I got to know him much better when he joined the British Film Institute’s Education Department in the mid-1960s. It was a tribute to Victor’s qualities that he got a post in the Department. He had a number of things working against him. When we advertised a post, we were surprised to receive his application because, while the Education Department wasn’t overtly hostile to Movie, it wasn’t particularly sympathetic either. And because it published Sight & Sound, the Institute wasn’t one of Movie’s favourites. To make matters worse for him, it wasn’t exactly an open competition for the job as we had a heavily favoured candidate in mind, Peter Wollen.
We did appoint Peter but we were so impressed by Victor that we decided we must find a way for him to join us. Since the Labour government of that period funded the Arts relatively generously, we were able to create another post and appoint Victor. He proved our assessment of his qualities to be more than accurate as he made valuable contributions to the Department’s work developing film education.
We were sad when he left us but pleased that he went to work at Bulmershe College of Education because it had been one of the pioneers of film education. In retrospect, I think it was a loss that Victor wasn’t around when the mix of semiology, psychoanalysis, Marxism and feminism had such an impact on the Education Department. The way he engaged with cinema and the clarity of his intelligence would have been enormously helpful in the development of those ideas. Unfortunately, an intemperate editorial in Screen a few years later attacked Victor and Movie and prevented the development of a dialogue that could have been productive for both sides.

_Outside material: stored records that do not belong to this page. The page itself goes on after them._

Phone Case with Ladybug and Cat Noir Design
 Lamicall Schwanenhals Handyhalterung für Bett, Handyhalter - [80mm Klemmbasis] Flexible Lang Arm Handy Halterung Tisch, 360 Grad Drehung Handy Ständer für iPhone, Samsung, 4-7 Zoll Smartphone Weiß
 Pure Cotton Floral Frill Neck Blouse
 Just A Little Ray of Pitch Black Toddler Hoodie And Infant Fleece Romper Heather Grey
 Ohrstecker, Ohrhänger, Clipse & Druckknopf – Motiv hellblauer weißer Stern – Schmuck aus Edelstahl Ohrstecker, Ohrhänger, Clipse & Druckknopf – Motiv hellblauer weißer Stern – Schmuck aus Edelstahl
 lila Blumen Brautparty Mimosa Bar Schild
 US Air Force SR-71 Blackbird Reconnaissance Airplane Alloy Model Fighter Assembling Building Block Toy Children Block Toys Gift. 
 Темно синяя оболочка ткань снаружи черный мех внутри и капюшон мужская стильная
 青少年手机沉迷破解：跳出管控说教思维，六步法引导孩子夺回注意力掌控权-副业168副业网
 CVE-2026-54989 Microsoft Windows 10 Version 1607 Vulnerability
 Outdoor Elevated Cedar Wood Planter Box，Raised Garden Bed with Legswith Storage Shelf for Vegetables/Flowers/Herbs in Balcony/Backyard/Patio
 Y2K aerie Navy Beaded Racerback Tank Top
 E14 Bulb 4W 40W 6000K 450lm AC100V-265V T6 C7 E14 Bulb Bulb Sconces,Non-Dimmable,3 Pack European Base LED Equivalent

From that period, I have three vivid but very different memories of Victor. The first is an odd one. When Victor worked at the Institute, he invariably disappeared at lunchtime, never giving any indication of where he was going. We wondered what he got up to: an assignation perhaps, or maybe meetings with Movie colleagues. An accidental sighting revealed a more surprising purpose. He spent his lunchtimes playing on the pinball machines in the amusement arcades that were a feature of Soho. I couldn’t then, and can’t now, fit together my sense of Victor’s personality with this passion.
My second memory is more predictable, made more poignant by Victor’s death. The reception for Victor and Tessa’s wedding was held at Tessa’s parents’ house, which was a rather splendid one with a garden that ran down to the Regent’s canal. On a beautiful summer day, it really felt that ‘the future lay ahead’ for both Victor and Tessa - and for many other people there.
(I imagine Victor found his father in law, the poet, John Pudney, particularly congenial. Pudney’s poem, For Johnny, very popular during the Second World War, was used very effectively in the film, The Way to the Stars. Pudney also stood as a Labour candidate in the 1945 election, an act that was repeated rather more successfully by Victor’s son, Toby, many years later).
My third memory is a professional one. In the late 1960s, the National Film Theatre organised a season of films directed by Nicholas Ray. Ray was present at the showing of most of these films, introducing them and responding to questions from the audience. He was a terrific presence, illuminating, funny, and fully engaging with the audience. Occasionally, he was asked questions about his films whose answers depended on details he’d forgotten. Whenever he couldn’t answer a question, he would yell out ‘Victor’ and Victor would emerge from the audience to provide the relevant information.
After the 1960s, our careers went in different directions but as we both moved to the Coventry/Leamington area we didn’t lose touch. Victor came to Warwick with a brief to develop film study. From its earliest years, film had a presence at the university but it remained a marginal interest, regarded with suspicion by senior academics. In this context, I very much admired the way Victor built on the work of pioneers like Cyril Barrett and Robin Wood to create a fully-fledged department with a national reputation. A number of people helped to establish that reputation but, for me, it was Victor’s commitment to the close, detailed analysis of films that gave Warwick its distinctive character, particularly through the way it shaped the undergraduate curriculum.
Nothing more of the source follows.